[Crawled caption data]
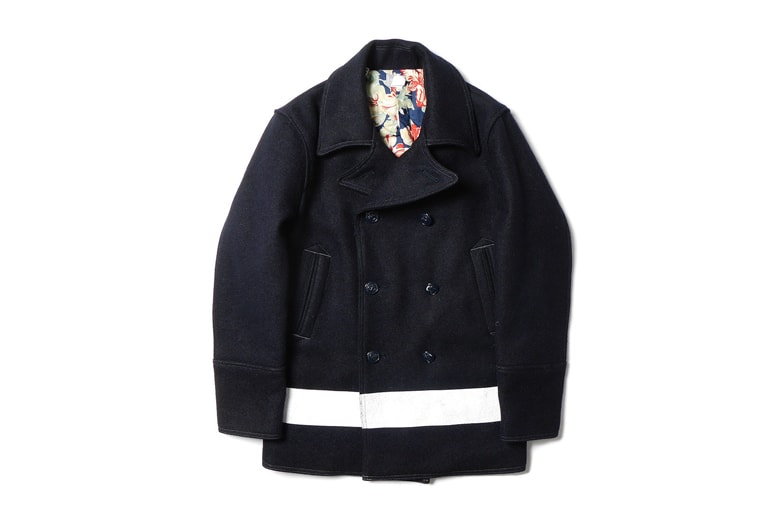 Deluxe 2014 Fall/Winter "Griffin" Pea Coat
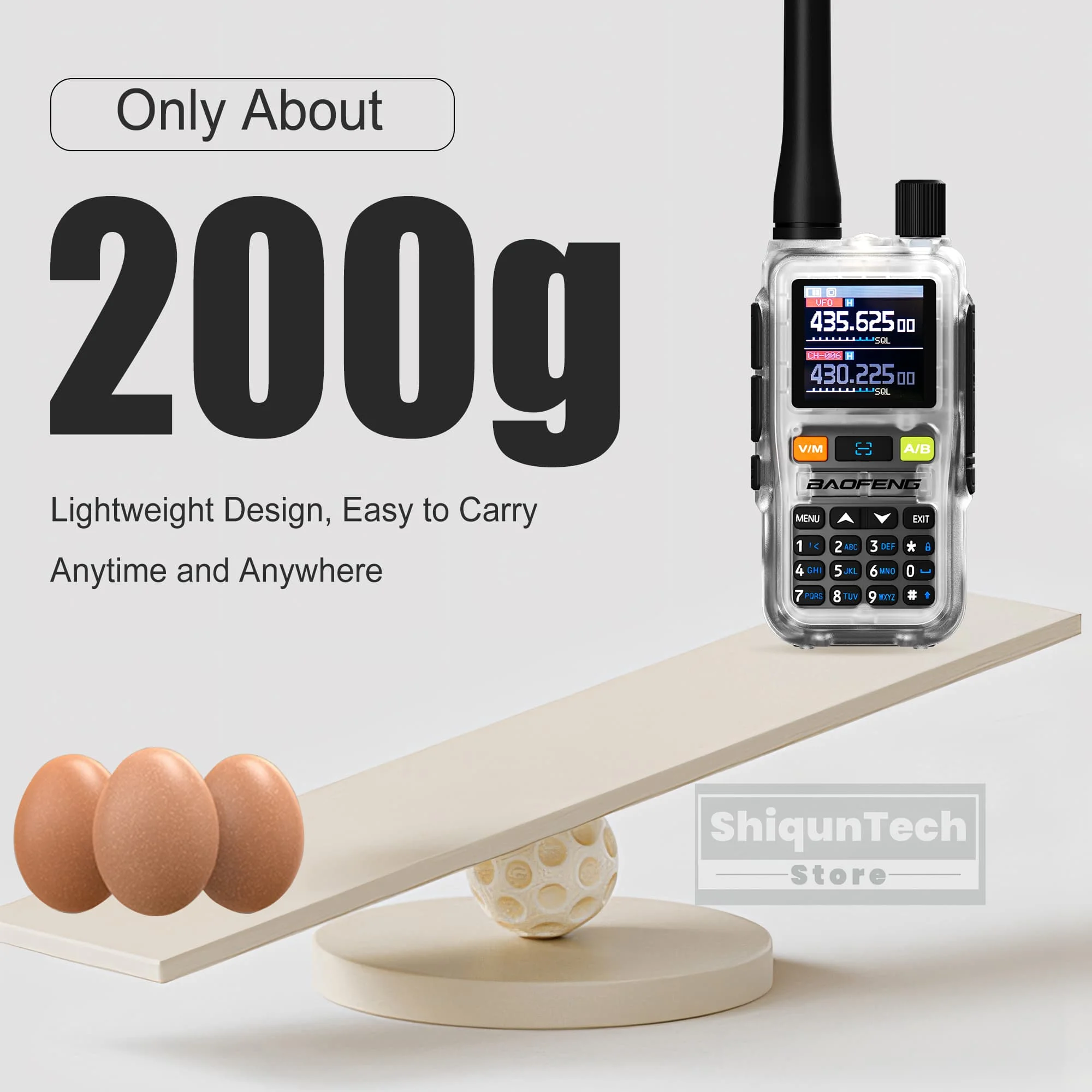 Baofeng UV-5R Mini Radio 6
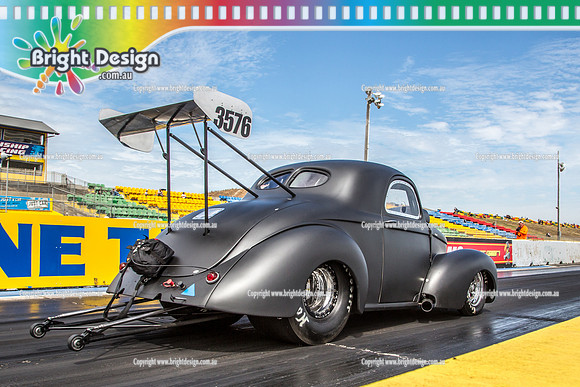 Kingpin Kuztums Thunder Road @ Calder Park Raceway Drag Racing Tuesday 3 Nov 2015  (38184)  3576 JULIAN CARAFA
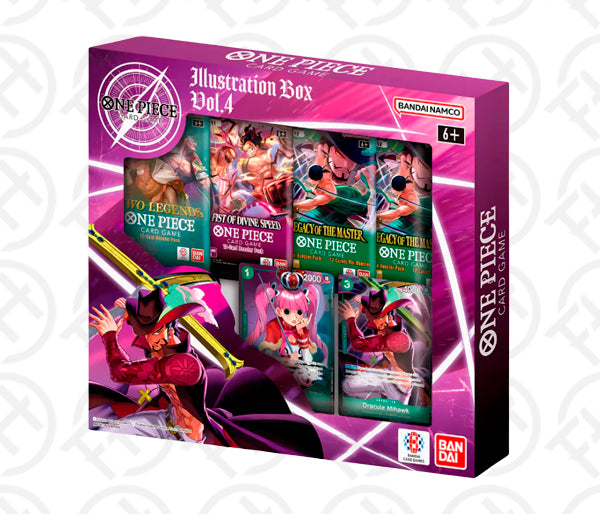 illustration Box Vol. 4 - One Piece CG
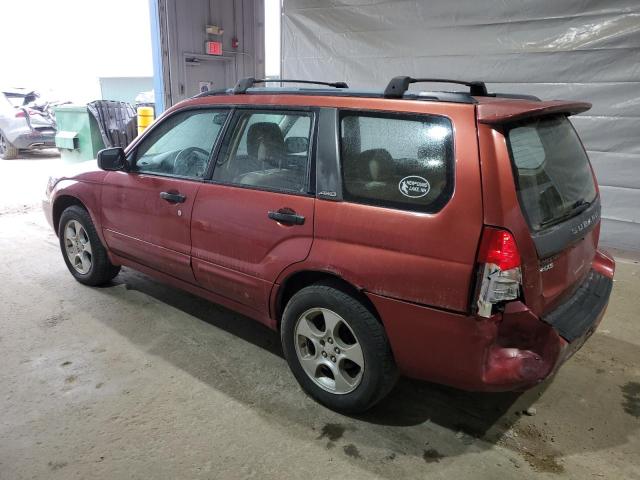 JF1SG65664H755297 - 2004 SUBARU FORESTER 2.5XS RED photo 2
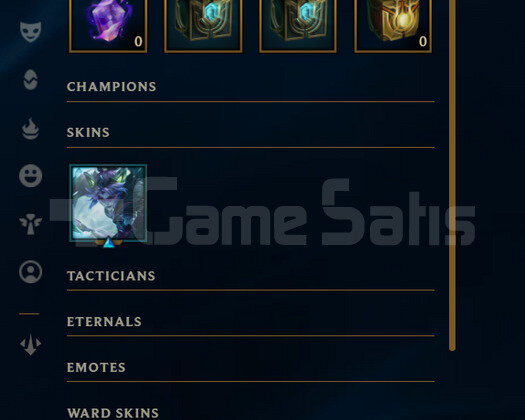 EUW Unranked | 1 Kostüm - 21K Mö | LoL Hesap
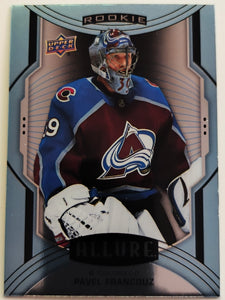 2020-21 Upper Deck Allure Pavel Francouz #143 RC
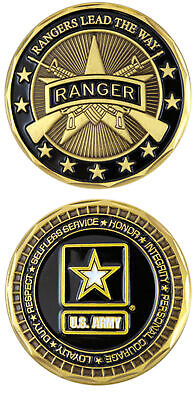 U.S. Army Ranger Challenge Coin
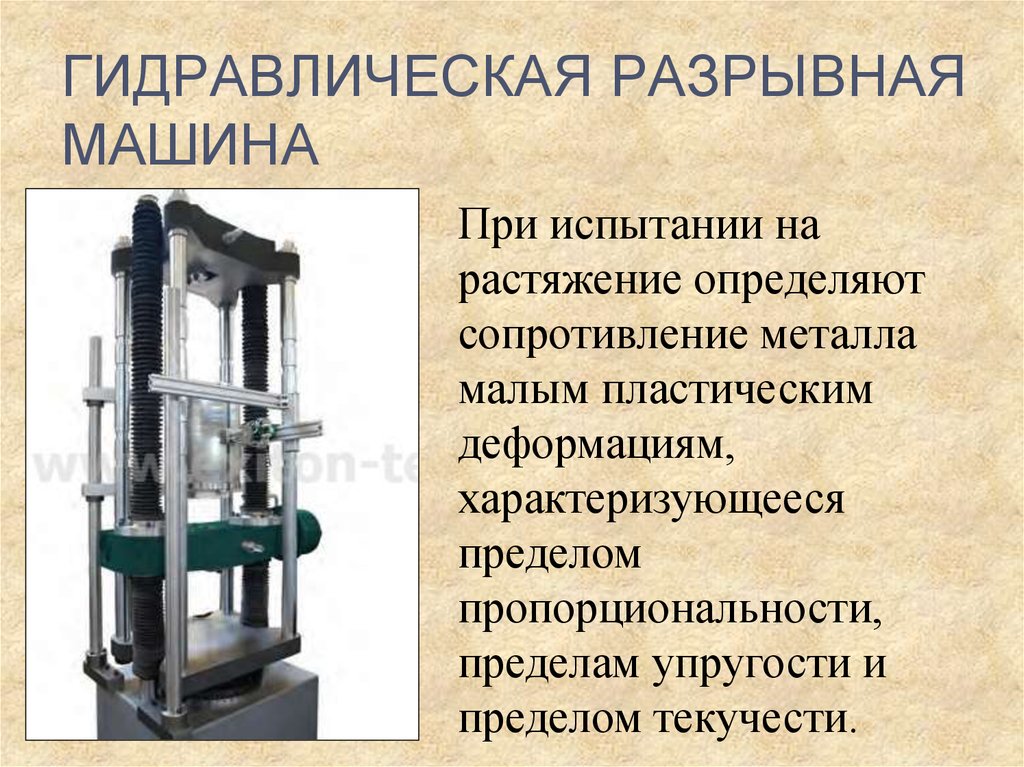 Испытания образцов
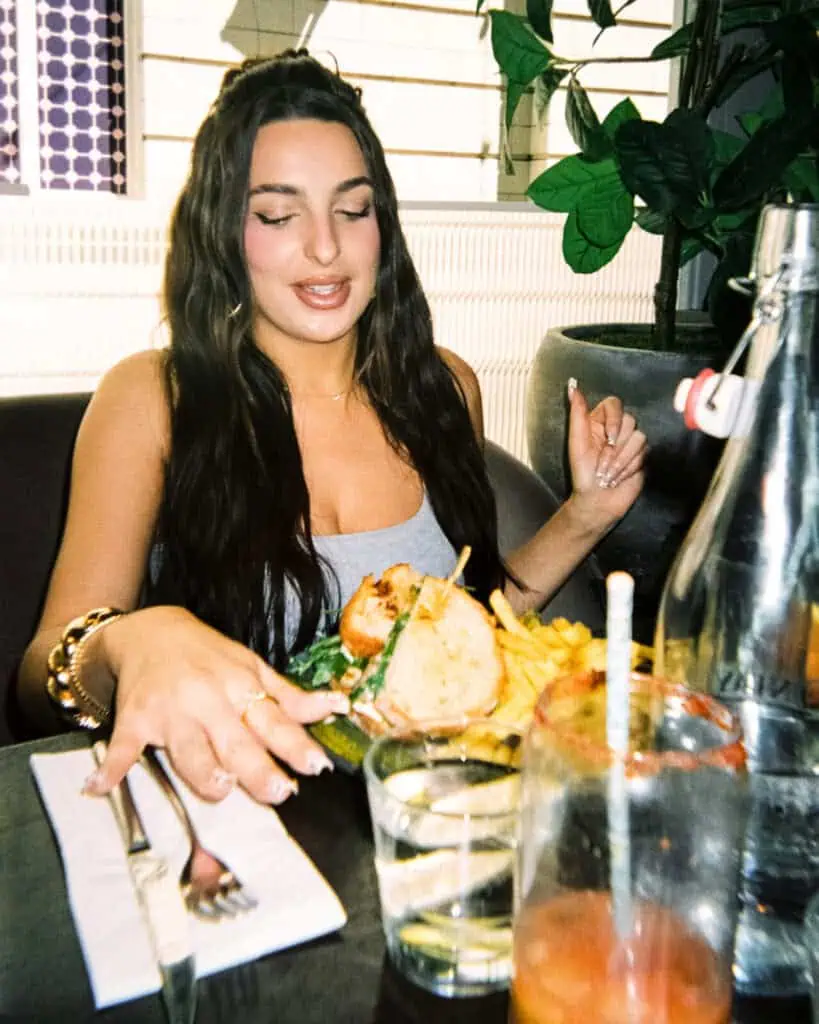 ‘F**ck an app. I like real life’ Love Island’s Toni Laites on dating icks, visa struggles and finding fame in the UK, photo by Lauren Cremer (6 of 8)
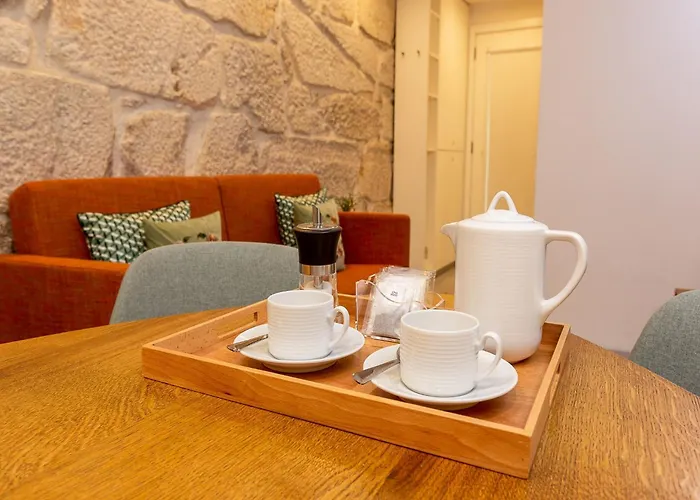 With Balcony For 4 Guests דירה פורטו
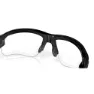 Oakley Speed Jacket Sonnenbrille, Matte black, Clear/CAT0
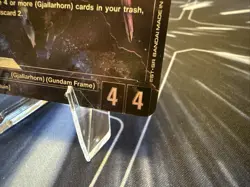 Dual Impact Gundam Kimaris LR+ Alt Art Gundam Card Game TCG GD02-070 - Image 3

● Exercise objective
From the line with "illustration Box Vol. 4 - One Piece CG" through the final line of the records above, return each line exactly and nothing else. Pictures are to be skipped.

● Result of this task
 illustration Box Vol. 4 - One Piece CG
 JF1SG65664H755297 - 2004 SUBARU FORESTER 2.5XS RED photo 2
 EUW Unranked | 1 Kostüm - 21K Mö | LoL Hesap
 2020-21 Upper Deck Allure Pavel Francouz #143 RC
 U.S. Army Ranger Challenge Coin
 Испытания образцов
 ‘F**ck an app. I like real life’ Love Island’s Toni Laites on dating icks, visa struggles and finding fame in the UK, photo by Lauren Cremer (6 of 8)
 With Balcony For 4 Guests דירה פורטו
 Oakley Speed Jacket Sonnenbrille, Matte black, Clear/CAT0
 Dual Impact Gundam Kimaris LR+ Alt Art Gundam Card Game TCG GD02-070 - Image 3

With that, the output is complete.